▸ **Given information**
━━━━━━━━━━

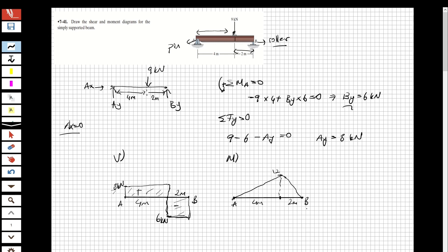So the moment diagram is now complete. To summarize: when the shear diagram is rectangular, the moment diagram is triangular; when the shear diagram is triangular, the moment diagram is parabolic. The first question is solved. If you couldn't follow something, please comment and I'll try to help. Now let's move on to the second question.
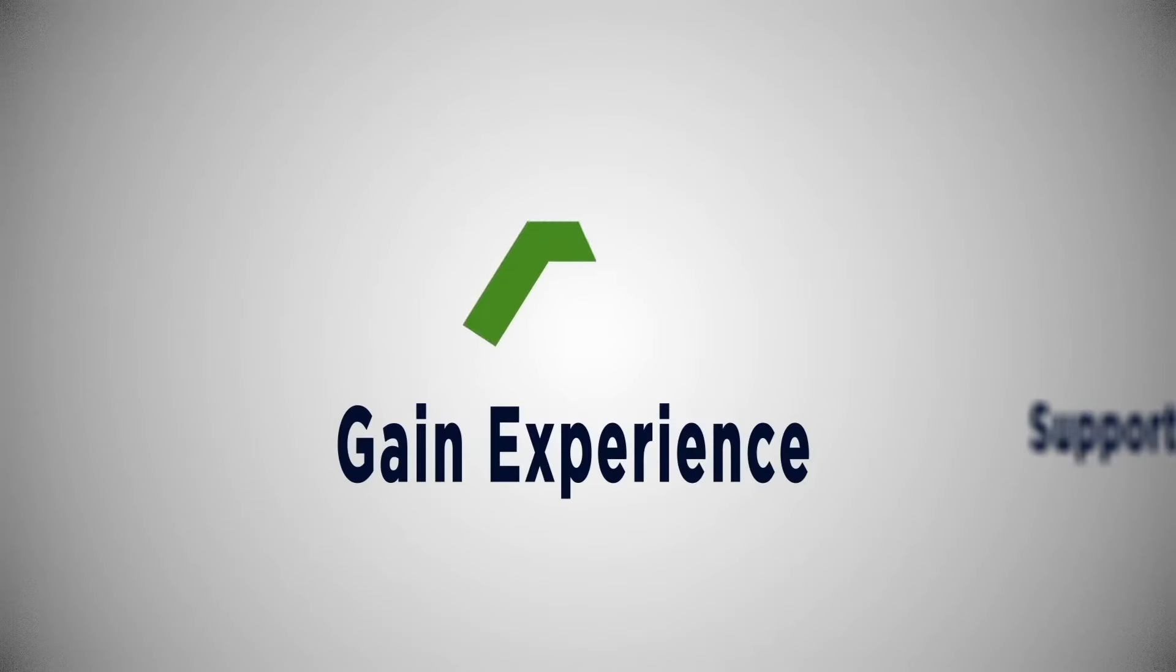As an intern, you should expect to gain experience and provide meaningful support to an organization.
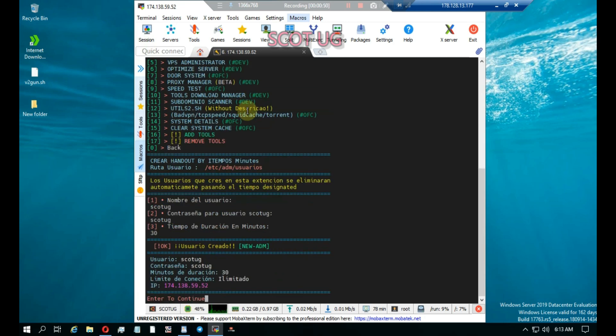The user is created and is unlimited, so when you send that account, that user will only be allowed to connect to your server for 30 minutes, and after that the account will be deleted. So that's it — from Scotagy, we'll meet in another video.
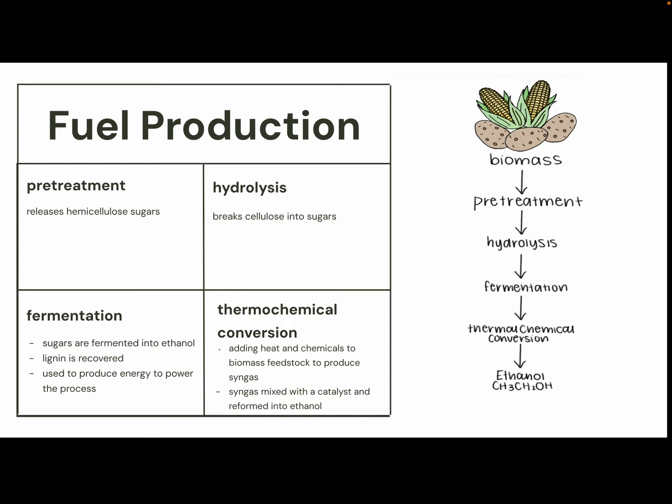Fuel production starts with a pre-treatment that releases hemicellulose sugars, then moves into hydrolysis where cellulose is broken down into sugars, then into fermentation where the sugars are fermented into ethanol. The lignin is recovered and used to produce energy to power the process, then it moves into thermochemical conversion by adding heat and chemicals to the biomass feedstock to produce syngas, which is mixed with a catalyst and reformed into ethanol.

━━━━━━━━━━

▸ **Exercise details**
Your response should reproduce the entire listing verbatim, minus the pictures.

▸ **Exercise output**
So the moment diagram is now complete. To summarize: when the shear diagram is rectangular, the moment diagram is triangular; when the shear diagram is triangular, the moment diagram is parabolic. The first question is solved. If you couldn't follow something, please comment and I'll try to help. Now let's move on to the second question.
As an intern, you should expect to gain experience and provide meaningful support to an organization.
The user is created and is unlimited, so when you send that account, that user will only be allowed to connect to your server for 30 minutes, and after that the account will be deleted. So that's it — from Scotagy, we'll meet in another video.
Fuel production starts with a pre-treatment that releases hemicellulose sugars, then moves into hydrolysis where cellulose is broken down into sugars, then into fermentation where the sugars are fermented into ethanol. The lignin is recovered and used to produce energy to power the process, then it moves into thermochemical conversion by adding heat and chemicals to the biomass feedstock to produce syngas, which is mixed with a catalyst and reformed into ethanol.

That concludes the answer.